EXERCISE PROMPT | The lines to repeat run from the one containing "Item preview, Colorful" through the last line of the records below; repeat them exactly and give nothing more.

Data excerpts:
--------------------------------------------------

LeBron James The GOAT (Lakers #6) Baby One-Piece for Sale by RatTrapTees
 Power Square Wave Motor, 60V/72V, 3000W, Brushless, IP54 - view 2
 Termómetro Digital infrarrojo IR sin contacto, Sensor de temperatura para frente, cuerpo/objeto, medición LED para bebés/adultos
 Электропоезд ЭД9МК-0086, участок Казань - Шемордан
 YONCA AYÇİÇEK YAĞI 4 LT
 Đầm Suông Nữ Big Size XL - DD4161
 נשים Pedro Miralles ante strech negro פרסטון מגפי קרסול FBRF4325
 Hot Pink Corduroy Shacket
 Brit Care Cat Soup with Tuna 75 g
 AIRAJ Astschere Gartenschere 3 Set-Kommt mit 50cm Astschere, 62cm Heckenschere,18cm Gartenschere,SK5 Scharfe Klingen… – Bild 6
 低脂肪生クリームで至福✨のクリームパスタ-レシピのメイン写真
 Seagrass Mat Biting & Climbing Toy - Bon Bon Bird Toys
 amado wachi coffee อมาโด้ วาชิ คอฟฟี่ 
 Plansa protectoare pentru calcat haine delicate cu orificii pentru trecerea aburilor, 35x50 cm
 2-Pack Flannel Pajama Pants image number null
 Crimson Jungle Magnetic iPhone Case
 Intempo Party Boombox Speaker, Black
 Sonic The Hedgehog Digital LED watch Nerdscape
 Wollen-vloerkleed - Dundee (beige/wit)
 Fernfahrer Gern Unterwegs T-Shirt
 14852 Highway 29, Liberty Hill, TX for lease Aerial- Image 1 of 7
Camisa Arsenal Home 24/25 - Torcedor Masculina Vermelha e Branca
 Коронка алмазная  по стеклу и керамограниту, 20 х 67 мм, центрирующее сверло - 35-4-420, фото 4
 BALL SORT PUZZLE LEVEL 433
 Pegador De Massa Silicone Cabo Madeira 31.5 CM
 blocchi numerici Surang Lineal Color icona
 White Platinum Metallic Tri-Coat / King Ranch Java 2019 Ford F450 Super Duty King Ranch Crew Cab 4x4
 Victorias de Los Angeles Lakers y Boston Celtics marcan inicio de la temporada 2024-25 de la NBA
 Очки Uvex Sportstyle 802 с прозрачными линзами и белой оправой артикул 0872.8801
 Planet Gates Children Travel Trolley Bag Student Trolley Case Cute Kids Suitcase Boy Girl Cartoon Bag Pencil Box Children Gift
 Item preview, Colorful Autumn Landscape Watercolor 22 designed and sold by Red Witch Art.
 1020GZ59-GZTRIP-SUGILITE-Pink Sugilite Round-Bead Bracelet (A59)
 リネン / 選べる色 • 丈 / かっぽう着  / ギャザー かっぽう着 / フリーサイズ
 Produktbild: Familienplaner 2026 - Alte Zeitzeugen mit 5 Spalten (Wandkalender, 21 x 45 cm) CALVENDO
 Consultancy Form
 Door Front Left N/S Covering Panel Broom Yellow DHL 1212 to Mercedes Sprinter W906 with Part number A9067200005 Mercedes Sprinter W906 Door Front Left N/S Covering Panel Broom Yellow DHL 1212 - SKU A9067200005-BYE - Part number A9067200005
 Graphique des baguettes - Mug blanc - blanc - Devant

--------------------------------------------------

OUTPUT OF THE TASK |
 Item preview, Colorful Autumn Landscape Watercolor 22 designed and sold by Red Witch Art.
 1020GZ59-GZTRIP-SUGILITE-Pink Sugilite Round-Bead Bracelet (A59)
 リネン / 選べる色 • 丈 / かっぽう着  / ギャザー かっぽう着 / フリーサイズ
 Produktbild: Familienplaner 2026 - Alte Zeitzeugen mit 5 Spalten (Wandkalender, 21 x 45 cm) CALVENDO
 Consultancy Form
 Door Front Left N/S Covering Panel Broom Yellow DHL 1212 to Mercedes Sprinter W906 with Part number A9067200005 Mercedes Sprinter W906 Door Front Left N/S Covering Panel Broom Yellow DHL 1212 - SKU A9067200005-BYE - Part number A9067200005
 Graphique des baguettes - Mug blanc - blanc - Devant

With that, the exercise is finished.